(Task goal)
Transcribe every entry precisely, omitting nothing.

══ Data records ══

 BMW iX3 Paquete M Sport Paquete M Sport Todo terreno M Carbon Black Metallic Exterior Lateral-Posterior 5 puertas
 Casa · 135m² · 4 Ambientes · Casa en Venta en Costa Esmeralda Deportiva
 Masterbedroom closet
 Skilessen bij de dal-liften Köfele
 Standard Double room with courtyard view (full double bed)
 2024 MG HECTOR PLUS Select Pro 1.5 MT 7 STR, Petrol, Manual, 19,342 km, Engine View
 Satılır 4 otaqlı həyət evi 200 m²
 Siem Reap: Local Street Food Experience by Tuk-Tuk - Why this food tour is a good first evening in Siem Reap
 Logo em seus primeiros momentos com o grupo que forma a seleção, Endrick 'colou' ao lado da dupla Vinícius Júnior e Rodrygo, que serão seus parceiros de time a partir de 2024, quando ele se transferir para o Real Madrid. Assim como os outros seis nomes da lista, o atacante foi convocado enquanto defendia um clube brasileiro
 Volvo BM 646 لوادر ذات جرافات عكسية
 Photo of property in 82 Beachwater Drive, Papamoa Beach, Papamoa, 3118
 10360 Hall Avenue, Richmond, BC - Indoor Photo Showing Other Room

═══

(Solution for this task)
 BMW iX3 Paquete M Sport Paquete M Sport Todo terreno M Carbon Black Metallic Exterior Lateral-Posterior 5 puertas
 Casa · 135m² · 4 Ambientes · Casa en Venta en Costa Esmeralda Deportiva
 Masterbedroom closet
 Skilessen bij de dal-liften Köfele
 Standard Double room with courtyard view (full double bed)
 2024 MG HECTOR PLUS Select Pro 1.5 MT 7 STR, Petrol, Manual, 19,342 km, Engine View
 Satılır 4 otaqlı həyət evi 200 m²
 Siem Reap: Local Street Food Experience by Tuk-Tuk - Why this food tour is a good first evening in Siem Reap
 Logo em seus primeiros momentos com o grupo que forma a seleção, Endrick 'colou' ao lado da dupla Vinícius Júnior e Rodrygo, que serão seus parceiros de time a partir de 2024, quando ele se transferir para o Real Madrid. Assim como os outros seis nomes da lista, o atacante foi convocado enquanto defendia um clube brasileiro
 Volvo BM 646 لوادر ذات جرافات عكسية
 Photo of property in 82 Beachwater Drive, Papamoa Beach, Papamoa, 3118
 10360 Hall Avenue, Richmond, BC - Indoor Photo Showing Other Room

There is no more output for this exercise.